* **DATA SEGMENT**
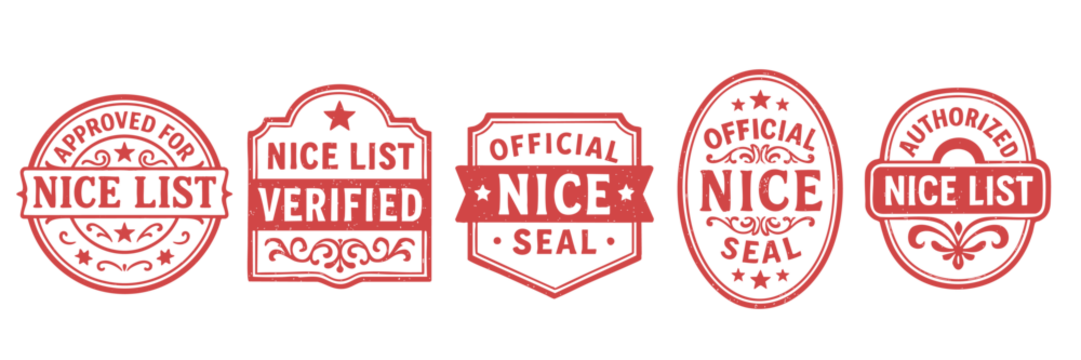 复古红色橡胶材质的‘乖孩子清单’批准印章（含圣诞老人认证标签，适用于节日图形设计）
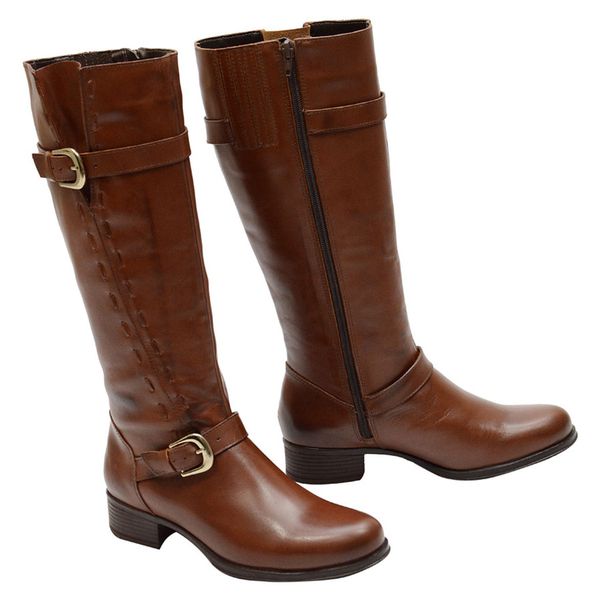 Bota Montaria Feminina Couro Cano Alto Brandy 2422
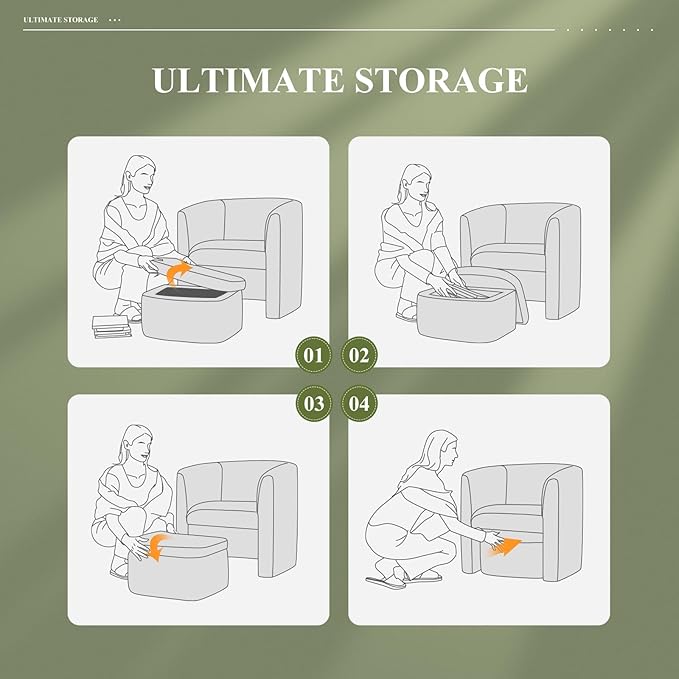 Mid-Century Velvet Living Room Chair with Storage Ottoman, Space-Saving Accent Chairs for Bedroom/Reading Spaces/Office, Green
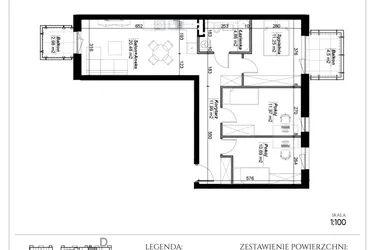 Rzut - Mieszkanie na sprzedaż 4 pokoje o powierzchni 71,24 m² - numer D.46 w Narcyzowe Wzgórza II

* **ACTIVITY**
The whole listing above should be restated word for word, minus any images.

* **TASK RESPONSE**
 复古红色橡胶材质的‘乖孩子清单’批准印章（含圣诞老人认证标签，适用于节日图形设计）
 Bota Montaria Feminina Couro Cano Alto Brandy 2422
 Mid-Century Velvet Living Room Chair with Storage Ottoman, Space-Saving Accent Chairs for Bedroom/Reading Spaces/Office, Green
 Rzut - Mieszkanie na sprzedaż 4 pokoje o powierzchni 71,24 m² - numer D.46 w Narcyzowe Wzgórza II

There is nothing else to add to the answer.